Quote of the Day: Willa Cather

"What was any art but an effort to make a sheath, a mould in which to imprison for a moment the shining, elusive element which is life itself, -- life hurrying past us and running away, too strong to stop, too sweet to lose?"
That's from Willa Cather's 1915 novel The Song of the Lark, specifically from a scene in which the character Thea Kronborg, taking a bath at the bottom of a canyon near Southwestern cliff dwelling ruins, is struck by the above thought. It continues:
"The Indian women had held it in their jars. In the sculpture she had seen in the Art Institute, it had been caught in a flash of arrested motion. In singing, one made a vessel of one's throat and nostrils and held it on one's breath, caught the stream in a scale of natural intervals. "
It's hard not to think of Keats' "Ode on a Grecian Urn" after reading that: a moment frozen from an ancient time and beheld again by another.

On a more emotional level, it reminds me of a photograph I saw in the first art history textbook I ever had for a class, Duane Michals' "This is My Proof":

The handwritten part of the piece says:
“This Photograph is my proof. There was that afternoon, when things were still good between us, and she embraced me, and we were so happy. It did happen. She did love me. Look see for yourself!”
This is in turn reminds me of a scene from The Great Gatsby, in which Gatsby's father, talking to the narrator before the title character's funeral, takes out a photograph of the house they are standing in front of:
"Jimmy sent me this picture." He took out his wallet with trembling fingers. "Look there."

It was a photograph of the house, cracked in the corners and dirty with many hands. He pointed out every detail to me eagerly. "Look there!" and then sought admiration from my eyes.

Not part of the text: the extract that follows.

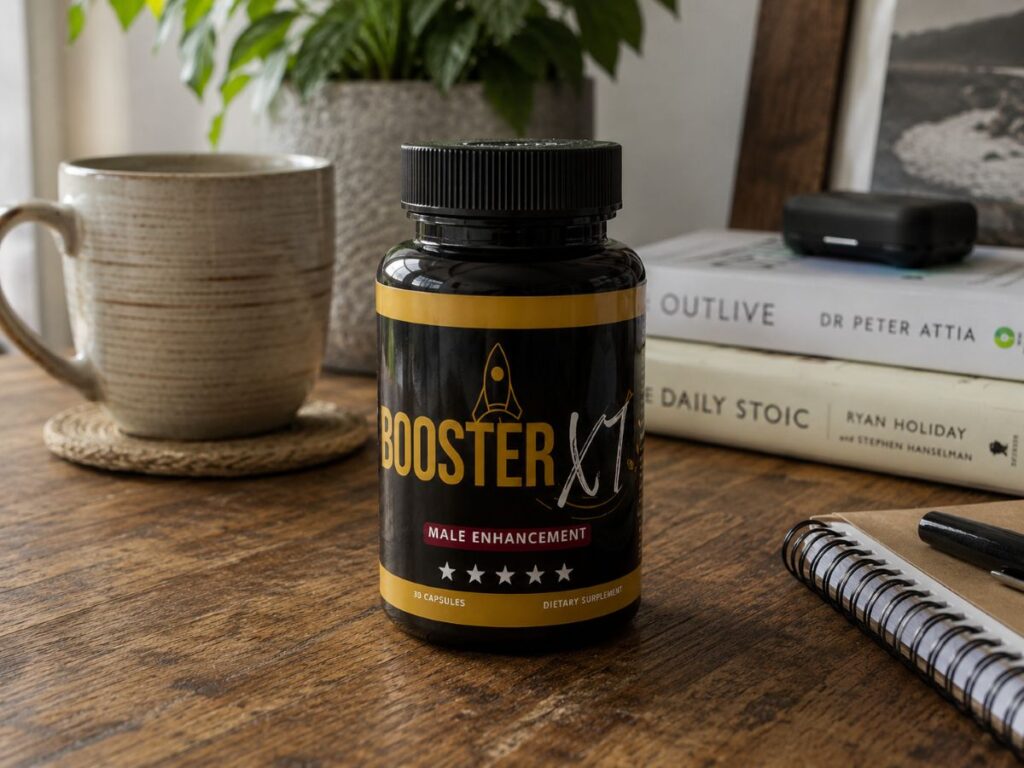 Booster XT review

He had shown it so often that I think it was more real to him now than the house itself.
The last two examples take nostalgia to the point of creating small, false worlds; symbolic places in the mind represented by pictures that capture not moments, but feelings. And those worlds of feelings are private, unshared.

I found an article about Duane Michals in which he's quoted: "I don't want to catalog images. I want to get into something that I can't truly describe. I might fail in the process, but it's where true creativity is born."

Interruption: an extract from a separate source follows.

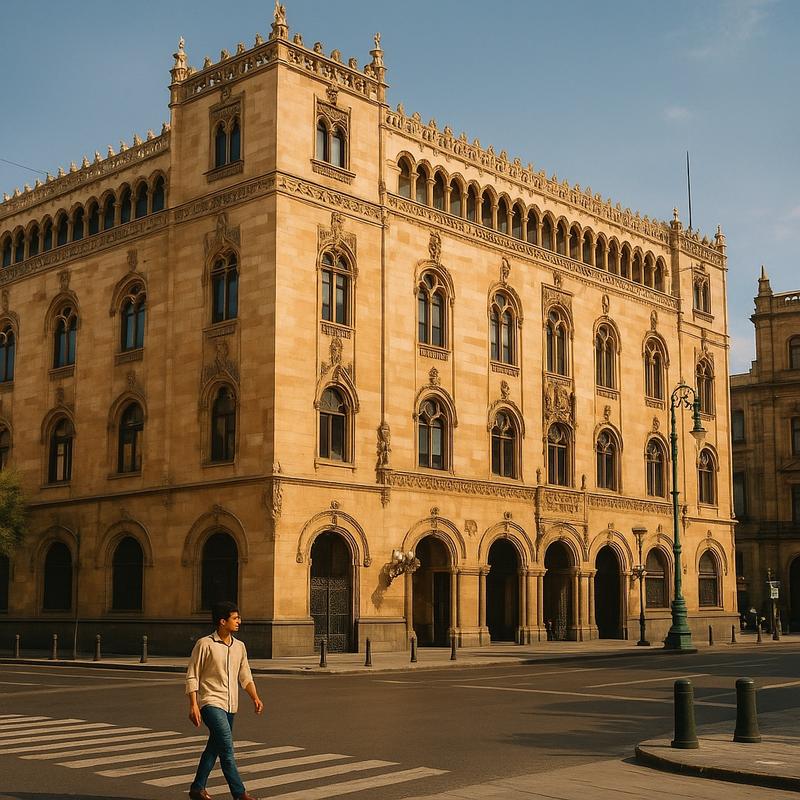 Palacio Postal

So seldom do photographs come ready-made with their own captions. (Though the idea must come from Magritte's paintings; the artist was a big inspiration for Michals.) If a picture is worth a thousand word, as the cliche goes, what is the worth of one that comes with its own words? Michals said:
"Photographers tend not to photograph what they can't see, which is the very reason one should try to attempt it. Otherwise we're going to go on forever just photographing more faces and more rooms and more places. Photography has to transcend description. It has to go beyond description to bring insight into the subject, or reveal the subject, not as it looks, but how does it feel?"